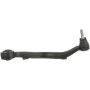 DELPHI TC7429 Control Arm and Ball Joint Assembly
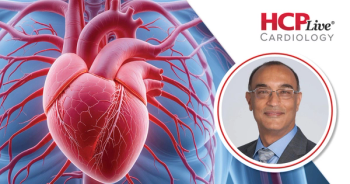 Milind Desai, MD | Image Credit: Cleveland Clinic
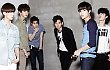 'MAMA' EXO Dominasi Chart Musik China
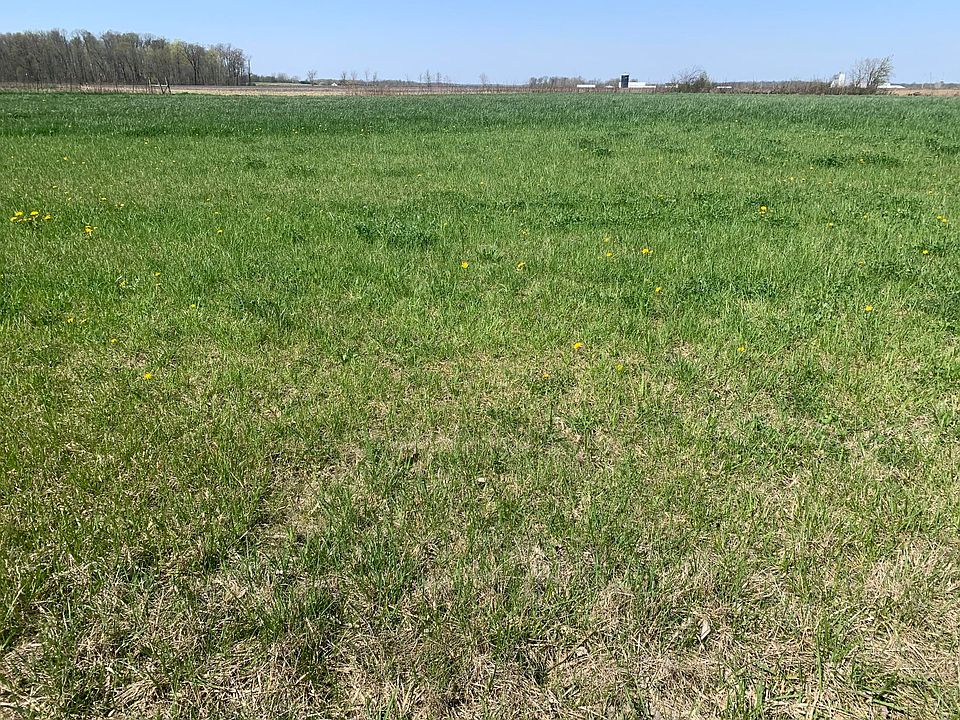 1st image of 15323 County Road 25a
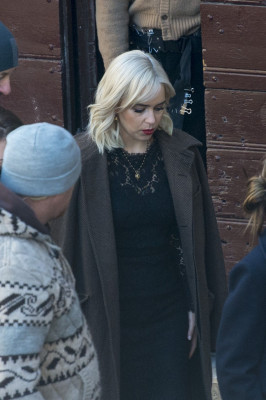 Emilia Clarke pic #1005676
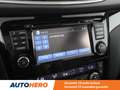 Nissan Qashqai 1.2 360 Marrone - thumbnail 7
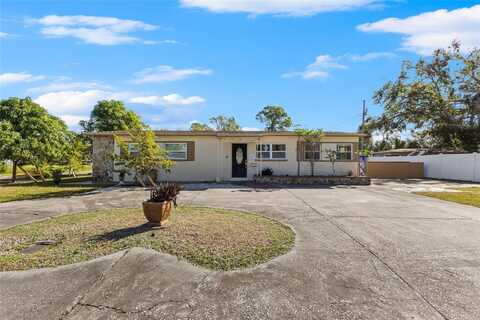 7695 17TH WAY N, SAINT PETERSBURG, FL 33702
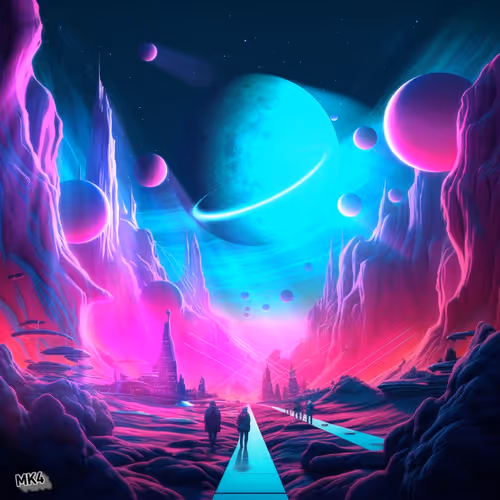 Item #59199473724583786523814537827301600047919232959697526246526362910442538401793 Media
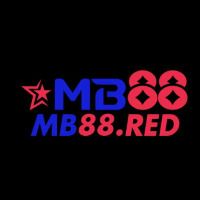mb88red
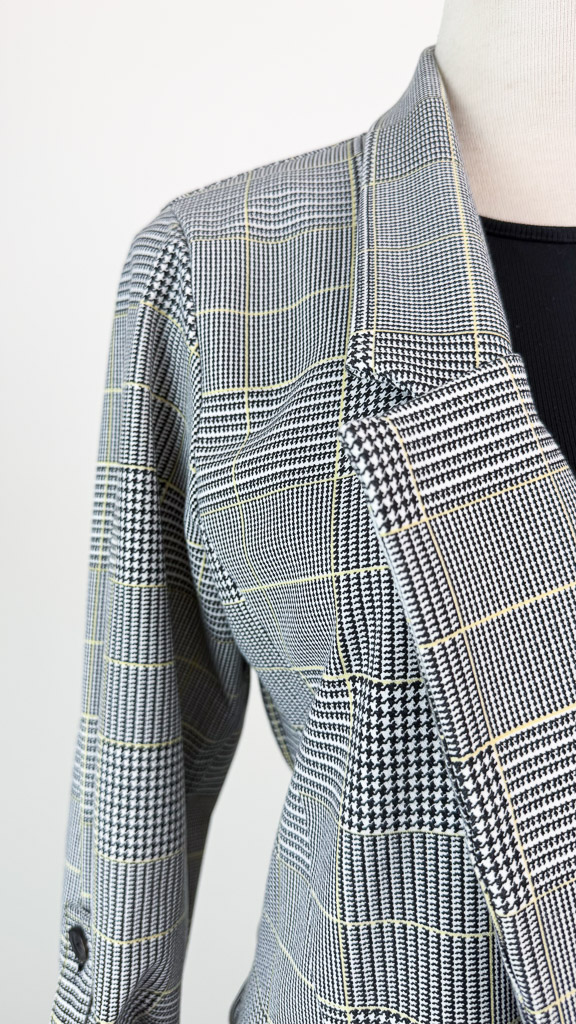 Blazer seven seven (talla XS)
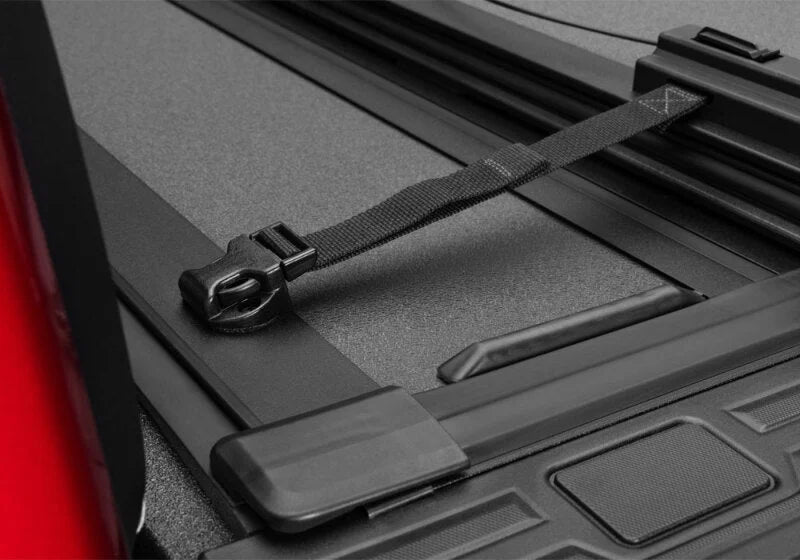 BAK 17-20 Honda Ridgeline BAKFlip MX4 - Additional View 14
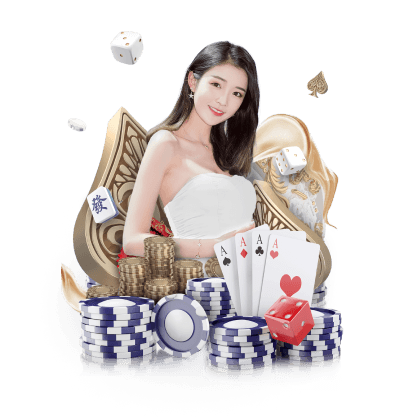 yabo的app 2026工业语音技术新动向：现场语音指令系统抗噪声设计规范与验收标准更新解读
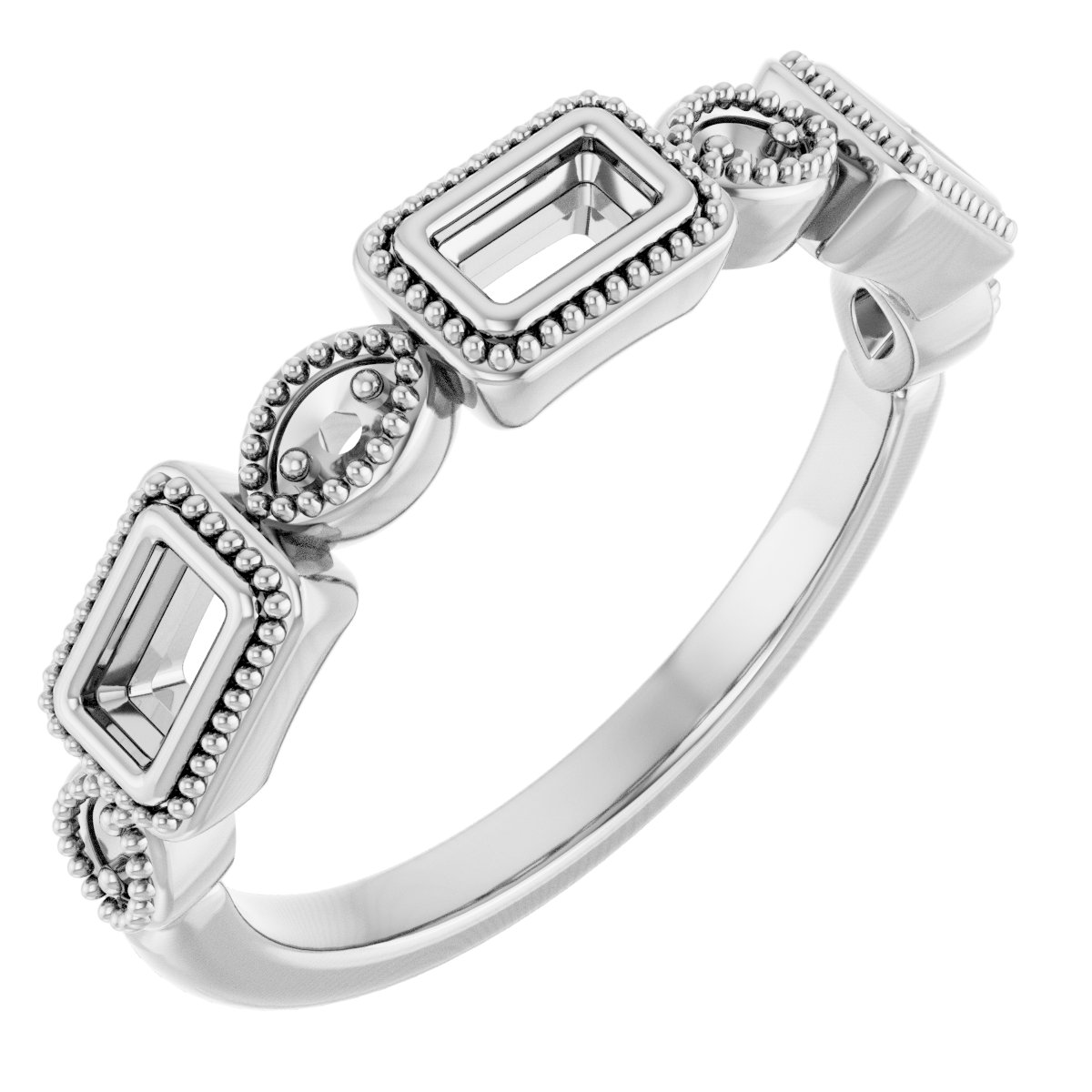 Anniversary Band
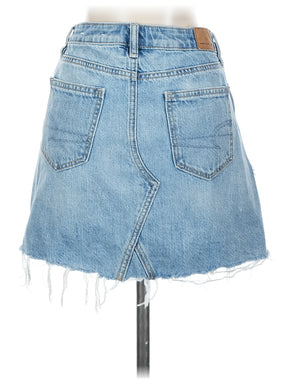 2 size - 0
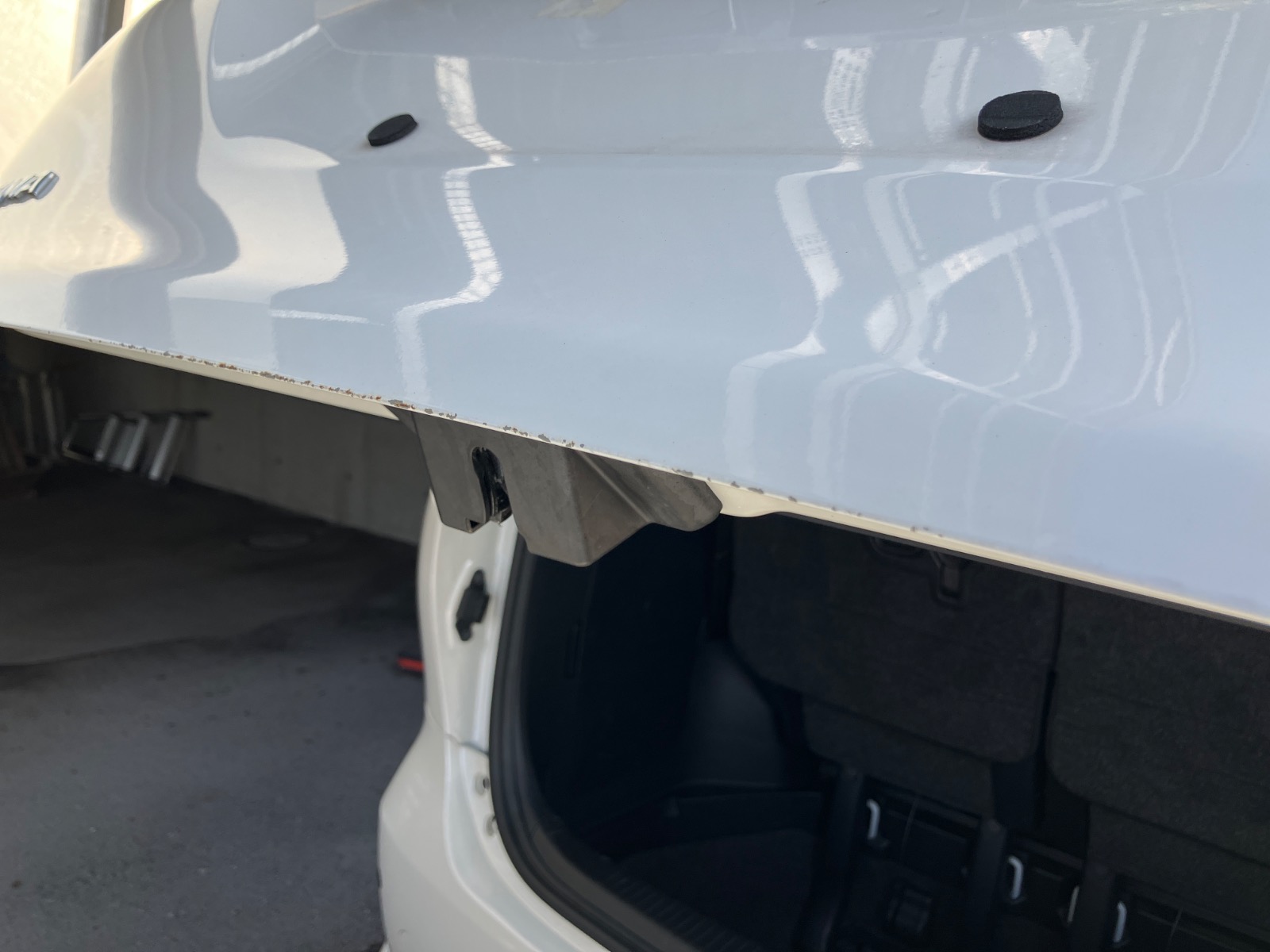 キズ・ヘコミ_43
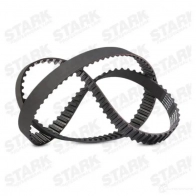 Ремень ГРМ STARK sktib0780018 H BJ88 1437784366 - Изображение 3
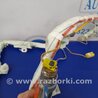 ФОТО AirBag шторка для Mazda 3 BL (2009-2013) (II) Киев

WHAT YOU SHOULD DO:
Print every record exactly, without the pictures.

SOLUTION TO THIS TASK:
 DELPHI TC7429 Control Arm and Ball Joint Assembly
 Milind Desai, MD | Image Credit: Cleveland Clinic
 'MAMA' EXO Dominasi Chart Musik China
 1st image of 15323 County Road 25a
 Emilia Clarke pic #1005676
 Nissan Qashqai 1.2 360 Marrone - thumbnail 7
 7695 17TH WAY N, SAINT PETERSBURG, FL 33702
 Item #59199473724583786523814537827301600047919232959697526246526362910442538401793 Media
mb88red
 Blazer seven seven (talla XS)
 BAK 17-20 Honda Ridgeline BAKFlip MX4 - Additional View 14
 yabo的app 2026工业语音技术新动向：现场语音指令系统抗噪声设计规范与验收标准更新解读
 Anniversary Band
 2 size - 0
 キズ・ヘコミ_43
 Ремень ГРМ STARK sktib0780018 H BJ88 1437784366 - Изображение 3
 ФОТО AirBag шторка для Mazda 3 BL (2009-2013) (II) Киев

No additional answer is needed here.